On average, food prices have risen 0.4 per cent per month from April this year. This compares with an annual average growth for 1998 of 0.3 per cent per month while on average, monthly growth in food prices for 1999 remained flat. From April this year there has been an upward push from beef and lamb prices, whereas grocery food prices have shown negligible growth. Fruit and vegetable prices are more volatile, reflecting short-term supply factors, but have recorded successive price falls over the past three months.
Price increases for beef made the largest contribution to the 1.7 per cent increase in the meat, fish and poultry subgroup in September 2000. Also contributing to the increase were higher prices for steak, ham, mince, lamb and sausages. A significant downward contribution came from fresh chicken pieces. The meat, fish and poultry subgroup is now 5.6 per cent higher than in September 1999. This is the highest recorded annual increase since a 5.7 per cent increase was recorded for the year to December 1998. Beef prices are 13.1 per cent higher than in September 1999, while lamb prices are up 9.7 per cent and fish up 4.0 per cent. The rise in domestic meat prices reflects exchange-rate influenced increases in export prices. Poultry prices, however, are 5.3 per cent lower than in September 1999, the thirteenth consecutive month in which the annual movement for poultry has fallen.
Grocery food, soft drinks and confectionery prices rose by 0.5 per cent in September. This follows a fall of 0.4 per cent in August. The prices of many of the items in this subgroup have changed little over the past year, but have moved considerably month to month (often due to items moving on and off special). The main items pushing up the subgroup this month were chocolate confectionery, milk, dried soup mixes and eggs. Significant downward contributions came from lower prices for potato crisps and chocolate biscuits.

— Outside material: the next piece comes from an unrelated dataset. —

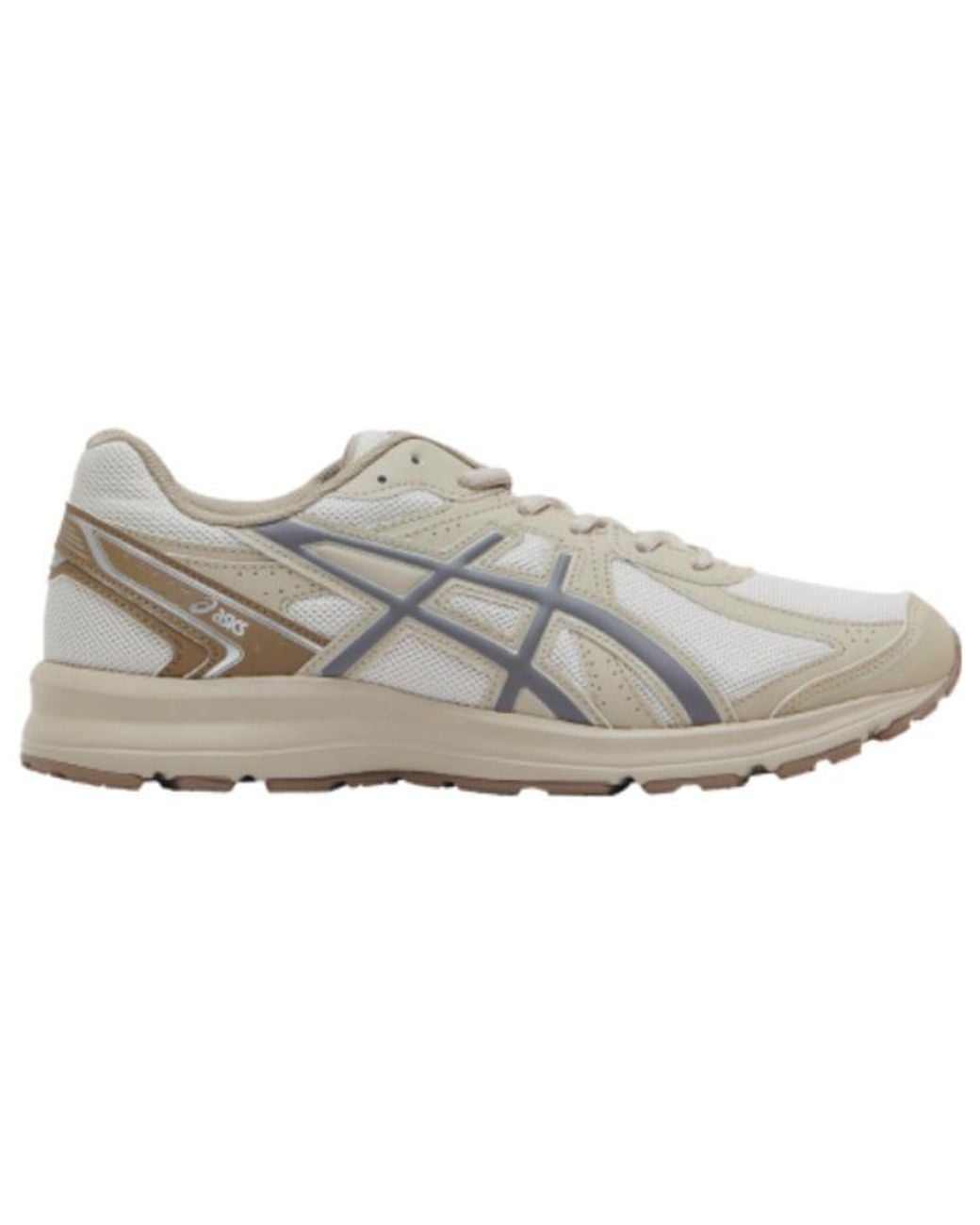 Asics Gray Jog 100 S Smu 2E for men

Fruit and vegetable prices fell 1.7 per cent in September 2000, following 1.7 per cent and 0.2 per cent price falls in July and August 2000, respectively. Fresh vegetable prices fell 6.7 per cent in September driven strongly by a 26.5 per cent fall in seasonally adjusted tomato prices. Lesser downward contributions came from grapes, cabbage, citrus fruit and salad greens. Fruit and vegetable prices are 2.6 per cent higher than in September 1999.